If you go to the bottom of the page, you will see, "The Babylon Bee is Your Trusted Source For Christian News Satire."


----------



## SemperFiDawg (Oct 24, 2017)

660griz said:


> if you go to the bottom of the page, you will see, "the babylon bee is your trusted source for christian news satire."



shocking!!!!


----------



## SemperFiDawg (Oct 24, 2017)

bullethead said:


> When you worship fiction,  why not make a fiction site your #1 source for facts?




I’ll take that as expert opinion.


----------



## bullethead (Oct 24, 2017)

SemperFiDawg said:


> I’ll take that as expert opinion.



Babylon Bee! SFD's # 1 source for expert information.

PLEASE keep posting from it.


----------



## ambush80 (Oct 24, 2017)

SemperFiDawg said:


> You're kidding.  Article was as an accurate depiction/description as possible.





SemperFiDawg said:


> shocking!!!!





SemperFiDawg said:


> I’ll take that as expert opinion.



Not gonna suck it up like a man, I see. Where's all that Christ like humility?


----------



## atlashunter (Oct 24, 2017)

http://forum.gon.com/showthread.php?t=902039

Matthew 7:3


----------



## drippin' rock (Oct 24, 2017)

ambush80 said:


> Not gonna suck it up like a man, I see. Where's all that Christ like humility?



Humility?  NO SIR!!  He straps on the Armor of God and Charges into battle!  Forsooth!


----------



## bullethead (Oct 25, 2017)

Sfd, have you read the article?
It is the author of the article that is sarcastically stating that he is devoting his life to destroying god. NOT Neil Degrasse Tyson.
Man you have whiffed really, really, really bad twice!


----------



## WaltL1 (Oct 25, 2017)

Good 'ol SFD, you can always depend on him for some nonsense.


----------



## bullethead (Oct 25, 2017)

It is his intellectual honesty that keeps him afloat in here.


----------



## atlashunter (Oct 25, 2017)




----------



## SemperFiDawg (Oct 26, 2017)

There is SOME fragile egos in this forum.  Lighten up fellas.  If you can’t laugh at yourselves,  you certainly shouldn’t laugh at others.  Guess the satire hit a little too close to home.  Bit dog squeals and all that sort of stuff.


----------



## WaltL1 (Oct 26, 2017)

SemperFiDawg said:


> There is SOME fragile egos in this forum.  Lighten up fellas.  If you can’t laugh at yourselves,  you certainly shouldn’t laugh at others.  Guess the satire hit a little too close to home.  Bit dog squeals and all that sort of stuff.
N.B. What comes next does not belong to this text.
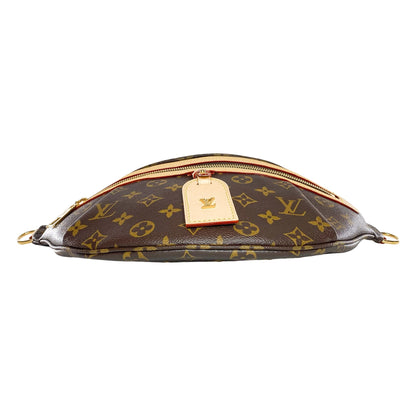 Louis Vuitton Monogram High Rise Bum Bag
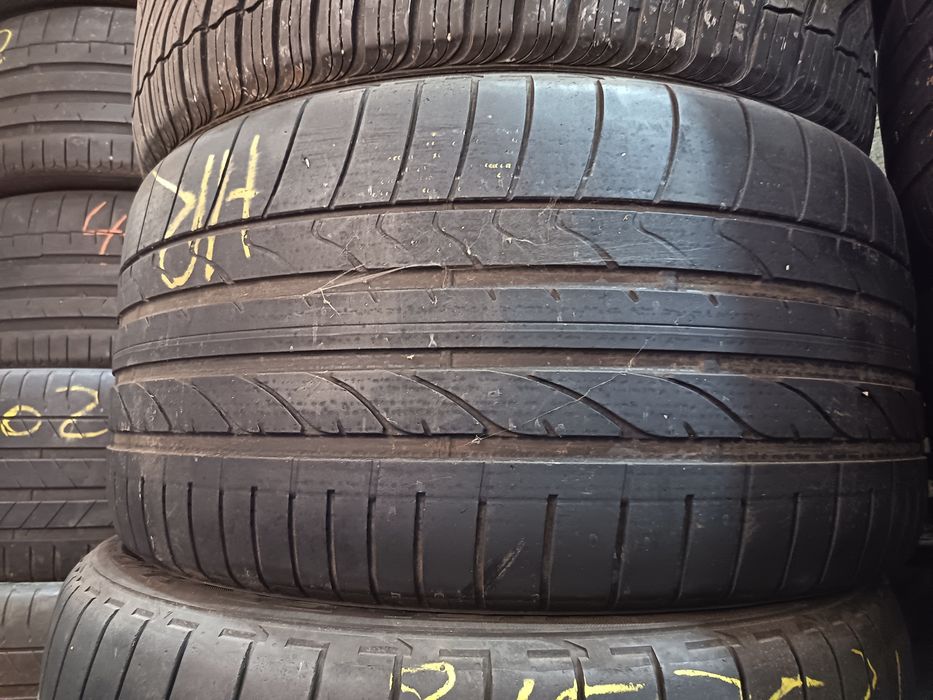 Anvelope vara 315 35 21 Bridgestone 2022 +5mm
The satire was funny. Inaccurate but funny.
Its your commentary that was the nonsense.


----------



## bullethead (Oct 26, 2017)

SemperFiDawg said:


> There is SOME fragile egos in this forum.  Lighten up fellas.  If you can’t laugh at yourselves,  you certainly shouldn’t laugh at others.  Guess the satire hit a little too close to home.  Bit dog squeals and all that sort of stuff.



No fragile egos.
You have taken a spill and a few found it funny but now you are acting like you meant to do it.
Just be glad we were kind enough to point out to you that your Go-To Christian news outlet was a satire site. It may have saved you some grace within your religious circle of friends. They may have been to Christ-like to point it out to you.


----------



## SemperFiDawg (Oct 26, 2017)

My comment is proved more true with each comment you aas make.


----------



## WaltL1 (Oct 26, 2017)

Just do us all a favor and go away SFD.
The only time we ever see your kind of nonsense in here is when you show up.
We don't need it or miss it.
For some reason you cant just post up satire such as that, which we all get the point of, without throwing in your ridiculousness. 
Sometimes I wonder if you aren't really a rabid Atheist in disguise because you seem to do your best to make Christians look stupid.
Grow up.


----------



## bullethead (Oct 26, 2017)

SemperFiDawg said:


> My comment is proved more true with each comment you aas make.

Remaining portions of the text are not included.